---------- Given records ----------

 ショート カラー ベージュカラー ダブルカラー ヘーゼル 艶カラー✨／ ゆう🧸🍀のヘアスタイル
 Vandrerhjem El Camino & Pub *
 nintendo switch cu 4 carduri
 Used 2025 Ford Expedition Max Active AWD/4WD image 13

----------
---------- Given records ----------

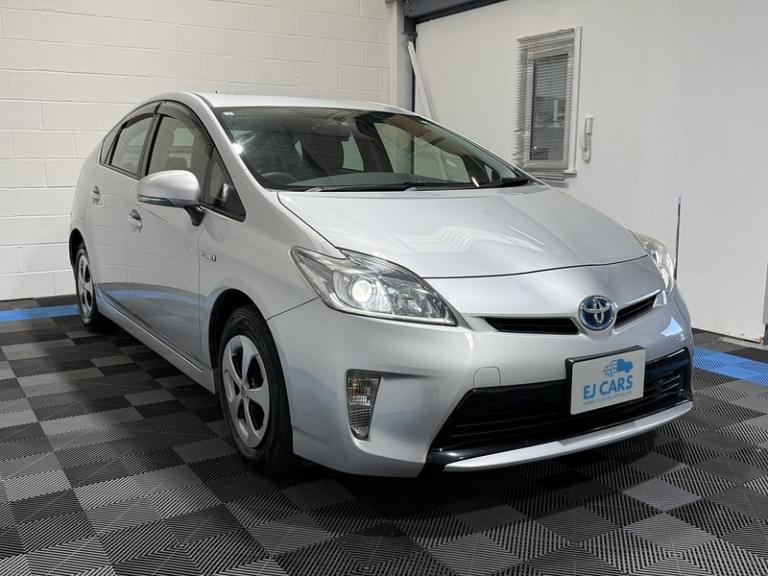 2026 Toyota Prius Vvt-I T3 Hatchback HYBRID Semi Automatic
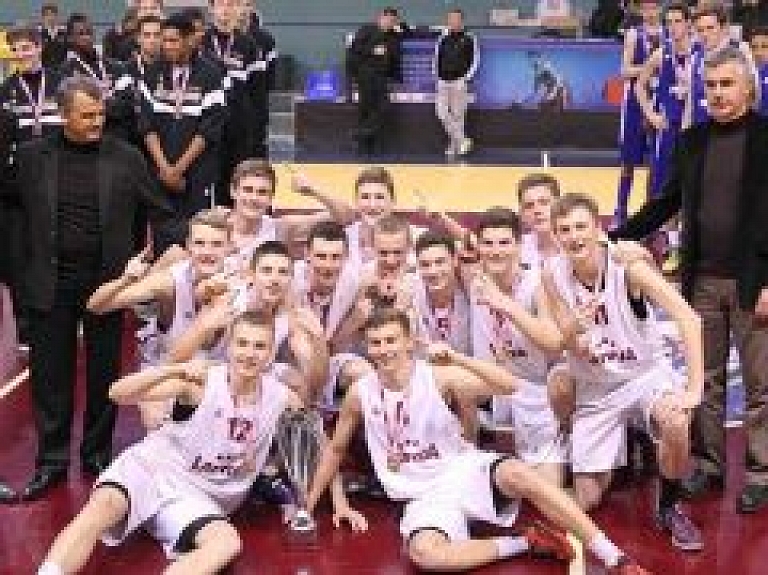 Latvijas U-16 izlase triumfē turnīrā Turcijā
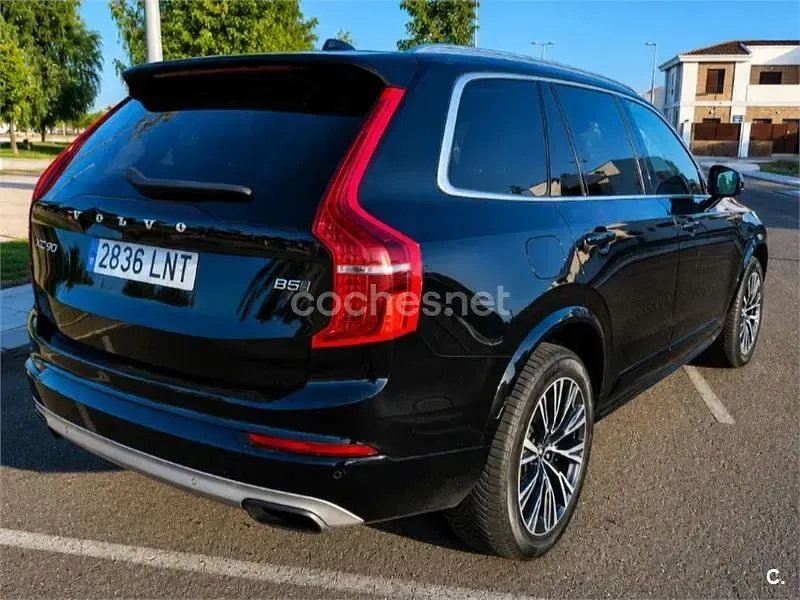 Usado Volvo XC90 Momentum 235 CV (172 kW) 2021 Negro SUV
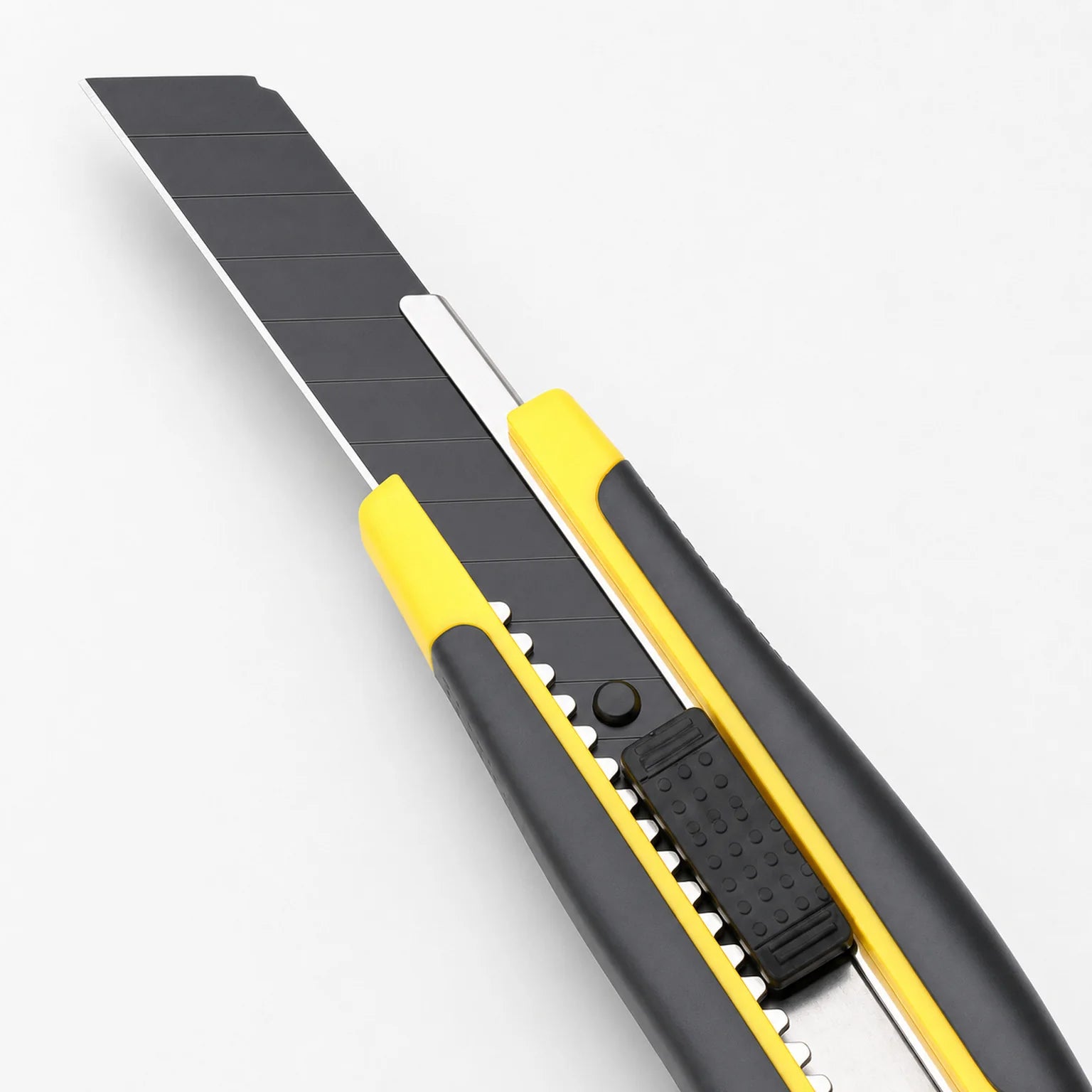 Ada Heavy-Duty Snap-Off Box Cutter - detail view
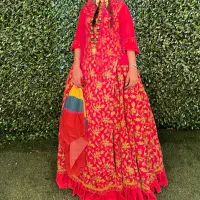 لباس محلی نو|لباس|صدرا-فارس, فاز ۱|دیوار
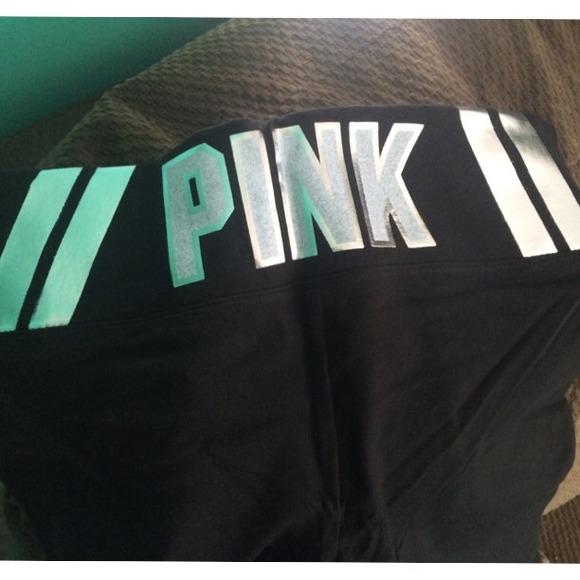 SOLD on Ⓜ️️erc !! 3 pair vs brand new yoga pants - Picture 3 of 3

----------

**What is being asked**
With the line holding "ショート カラー ベージュカラー" as the first and the line holding "Used 2025 Ford" as the last, set down that range of the entries above exactly, and nothing else.

**Solution to the problem**
 ショート カラー ベージュカラー ダブルカラー ヘーゼル 艶カラー✨／ ゆう🧸🍀のヘアスタイル
 Vandrerhjem El Camino & Pub *
 nintendo switch cu 4 carduri
 Used 2025 Ford Expedition Max Active AWD/4WD image 13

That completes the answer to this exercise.